Pollinator Backyard Certification Information: Flip Your Yard Into An Official Pollinator Protect

Pollinators are essential components of the ecosystem. They vary in type, depending on the region. They include insects like butterflies and bees but also other kinds of critters, like birds and bats. Pollinators are important because they ensure plants reproduce and produce the food we eat. Support your local pollinators by working toward a pollinator habitat certification.

What Is a Certified Pollinator Garden?

A certified pollinator garden is a space designed to support pollinators native to the local area. The specifics of the garden vary depending on the location. In general, a pollinator habitat must include:

  • Food sources
  • A water source
  • Shelter and nesting areas
  • Minimal or no pesticide use
  • Control of invasive species

Benefits of Pollinator Garden Certification

Pollinator habitat certification is a great way to take active steps to protect and support your local ecosystem and all its wildlife. Pollinator numbers have dropped in many areas, partly due to the reduction in bee numbers. Other pollinators may be at risk as well due to pesticide use, invasive species, and climate change.

By working toward certifying your garden, you can be a part of the solution. Your garden will benefit, too. With more pollinators, you’ll get more flowers, fruit, and veggies if you grow them. A pollinator garden increases biodiversity, reduces water consumption, and improves natural and biological control of pest species.

Different Types of Pollinator Garden Certification

There is no single pollinator certification. Check with your local extension office for a certification relevant to your area. Many extension offices offer certification through the master gardener program. They will provide you with specific guidelines, including the types of native plants that best support pollinators.

You can also find programs and organizations that offer pollinator and wildlife habitat certifications nationwide:

  • National Wildlife Federation – NWF offers a Certified Wildlife Habitat program for creating yards and gardens that support all kinds of native wildlife.
  • North American Butterfly Association – Create a Certified Butterfly Garden by providing butterfly nectar and caterpillar food sources.
  • Monarch Watch – Monarchs are in decline due to habitat loss. The Monarch Waystation Certification promotes planting milkweed as a host plant, various nectar plants, and sustainable gardening practices.
  • Xerces Society for Invertebrate Conservation – Xerces’ Bee Campus U.S.A. is a rigorous certification program specifically for college campuses.
  • Wildlife Habitat Council – WHC offers a Conservation Certification that is difficult and expensive to qualify for. It is typically reserved for businesses, organizations, or cities and includes education programs.

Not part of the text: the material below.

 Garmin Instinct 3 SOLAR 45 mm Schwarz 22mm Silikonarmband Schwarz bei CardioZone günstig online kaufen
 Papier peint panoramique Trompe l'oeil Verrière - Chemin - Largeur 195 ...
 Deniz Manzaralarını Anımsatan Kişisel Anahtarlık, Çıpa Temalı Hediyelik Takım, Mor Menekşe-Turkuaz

How to Create a Certified Pollinator Habitat

You don’t need a certification to make your garden more pollinator friendly. If you want the credential, first choose an appropriate program. Monarch Watch, the National Wildlife Federation, and the North American Butterfly Association all offer programs that are reasonable for homeowners. State and local programs are also good choices.

Find the requirements for your chosen certification and get to work. In general, you can improve your garden for pollinators through these steps:

  • Plant Natives – Your local pollinators need native plants as hosts for their eggs and for food. Plant native species, but take this one step further and also remove invasive species.
  • Provide Water – All wild animals need some source of water. This could be a natural stream or pond, or even a puddle that pollinators can visit. A bird bath also meets the water requirement.
  • Provide Shelter – Pollinators need protection from predators and safe places to rest and produce offspring. The type of shelter needed depends on your local species but may include brush piles, unpruned shrubs, areas of bare ground, rock piles, or plant material left in place through the winter.
  • Reduce Pesticides – Avoid using pesticides at all if you can. They kill pests but they also kill native pollinating insects. Use natural pesticides to deter pests. By promoting native species, you will begin to see fewer pest species every year.

When you have everything in place, submit an application for pollinator garden certification. Display your official sign in your garden to inspire others.